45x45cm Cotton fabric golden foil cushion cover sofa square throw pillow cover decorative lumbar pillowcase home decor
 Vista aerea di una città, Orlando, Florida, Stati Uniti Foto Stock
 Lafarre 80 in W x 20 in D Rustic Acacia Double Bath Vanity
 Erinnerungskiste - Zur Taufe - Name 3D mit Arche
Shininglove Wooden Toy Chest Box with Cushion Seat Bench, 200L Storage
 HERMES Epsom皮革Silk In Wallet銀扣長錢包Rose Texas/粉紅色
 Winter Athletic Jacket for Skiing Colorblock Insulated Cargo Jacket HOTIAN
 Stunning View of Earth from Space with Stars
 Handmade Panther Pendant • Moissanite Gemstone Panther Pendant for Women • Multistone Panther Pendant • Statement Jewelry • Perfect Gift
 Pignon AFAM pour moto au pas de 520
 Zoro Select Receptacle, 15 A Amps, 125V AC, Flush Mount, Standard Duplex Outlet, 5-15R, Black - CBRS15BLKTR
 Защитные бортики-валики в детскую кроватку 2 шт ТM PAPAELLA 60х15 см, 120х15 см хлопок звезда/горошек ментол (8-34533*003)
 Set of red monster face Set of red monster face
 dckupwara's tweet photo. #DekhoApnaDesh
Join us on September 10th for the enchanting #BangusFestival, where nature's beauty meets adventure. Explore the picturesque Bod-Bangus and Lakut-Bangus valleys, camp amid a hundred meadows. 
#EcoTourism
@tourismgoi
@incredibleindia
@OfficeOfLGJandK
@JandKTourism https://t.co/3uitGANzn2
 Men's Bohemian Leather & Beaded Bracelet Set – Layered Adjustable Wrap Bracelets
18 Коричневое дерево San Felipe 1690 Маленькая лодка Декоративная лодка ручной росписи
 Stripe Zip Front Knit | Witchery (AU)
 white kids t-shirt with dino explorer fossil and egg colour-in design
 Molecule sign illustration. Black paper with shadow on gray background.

• _What is being asked_
Each line above from the one with "Zoro Select Receptacle, 15" up to and including the one with "dckupwara's tweet photo. #DekhoApnaDesh" must be set down exactly, and no line outside that span may appear.

• _Task result_
 Zoro Select Receptacle, 15 A Amps, 125V AC, Flush Mount, Standard Duplex Outlet, 5-15R, Black - CBRS15BLKTR
 Защитные бортики-валики в детскую кроватку 2 шт ТM PAPAELLA 60х15 см, 120х15 см хлопок звезда/горошек ментол (8-34533*003)
 Set of red monster face Set of red monster face
 dckupwara's tweet photo. #DekhoApnaDesh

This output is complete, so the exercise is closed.